Closed tommyod closed 11 months ago

tommyod commented 1 year ago

In this line we scale the covariance matrix to a correlation matrix:

https://github.com/equinor/iterative_ensemble_smoother/blob/24d771149134299102f8770c397b670c1d1efbf8/src/iterative_ensemble_smoother/utils.py#L120

And here we scale D and E:

https://github.com/equinor/iterative_ensemble_smoother/blob/24d771149134299102f8770c397b670c1d1efbf8/src/iterative_ensemble_smoother/_iterative_ensemble_smoother.py#L124

H is the right hand side of equation (42), but for the equation to hold, the same scaling must be done on both sides of the equation. Is this really the case here?


Back to the sentence. I don't understand "A scaling of the equations should always be done to ensure a well-conditioned inverse". What type of scaling? Does it always improve the conditioning? How so?

Consider solving $(S^T S + D)x = S^T$ as in eqn (51), where $D$ is diagonal. We could scale it to $(D^{-1/2} S^T S D^{-1/2} + I) (D^{1/2} x) = D^{-1/2} S^T$, solve that for $y = D^{1/2} x$ and then solve for $x$. Is this what is meant? I'm not sure.

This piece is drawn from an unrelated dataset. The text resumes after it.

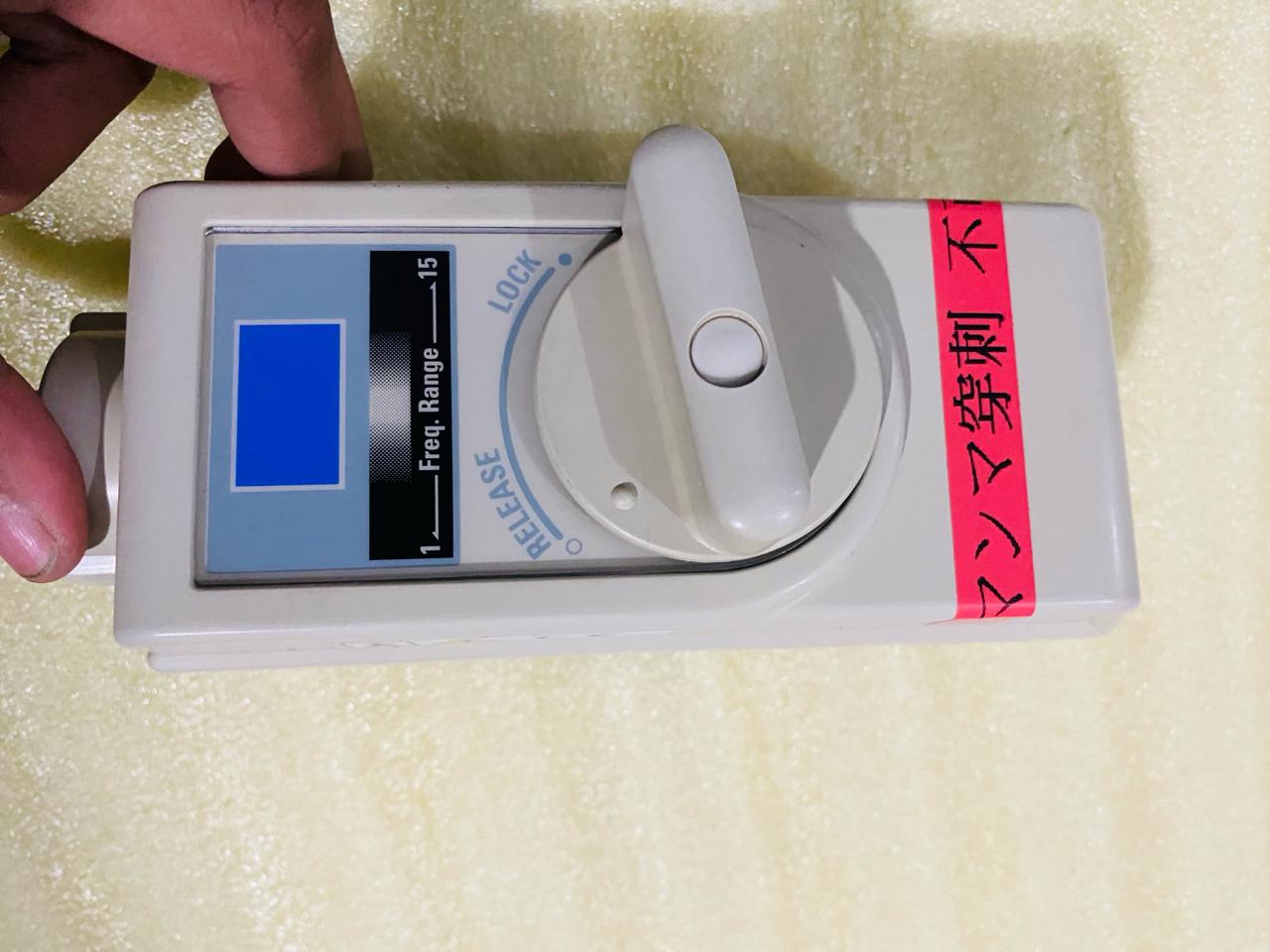 ..Aloka UST-5545 linear probe UC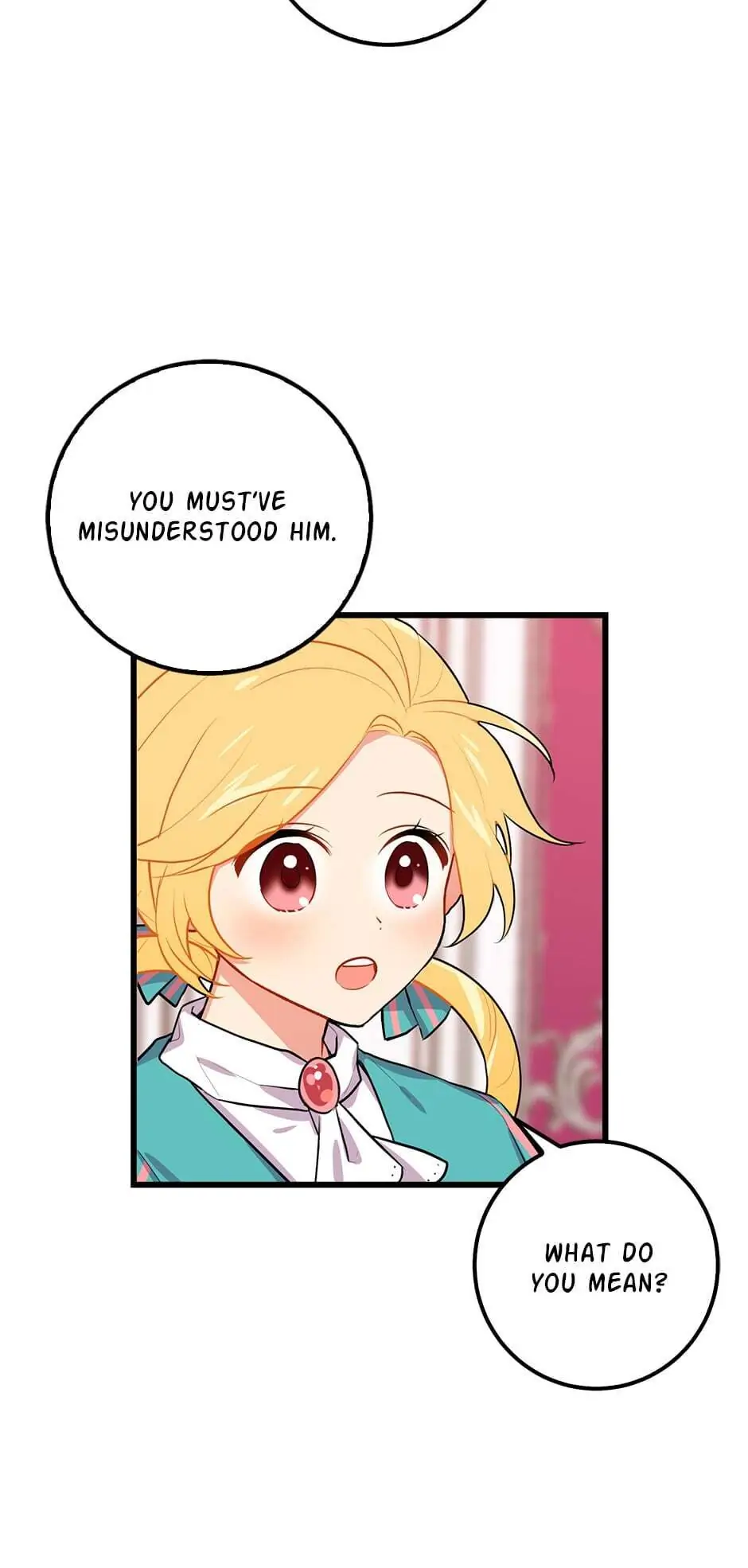 I Am a Child of This House Chapter 21 - page 8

Anyway, the condition number of the left hand side matrix does not always improve. Here is a counterexample:

# Create matrices S.T and D
import numpy as np
sT = np.arange(3) + 1
D = np.diag([3, 2, 1])

print(np.linalg.cond(np.outer(sT, sT) + D)) # 9.299360

# Create D^{-1/2}
D_inv_sq = np.diag(1/np.sqrt(np.diag(D)))
print(np.linalg.cond(D_inv_sq @ np.outer(sT, sT) @ D_inv_sq + np.eye(3))) # 12.33333

In the 2012 Emerick paper he proposes rescaling using the cholesky factorization in appendix A1. But this is different from (1) scaling by dividing by standard deviations and (2) scaling by transforming covariance matrices to correlation matrices. The reason for his proposal is to not truncate small singular values in the SVD when measurements are of different orders of magnitude. Which seems like a different reason than "ensuring a well conditioned inverse".

Thoughts @dafeda ? I think you mentioned something about this once.

If not I will investigate this in the future.

tommyod commented 11 months ago

I will close this.

In #136, the scaling has been documented in detail in the code. It's still part of the code, but much more understandable now IMO. Closing this, since much of the initial confusion is gone.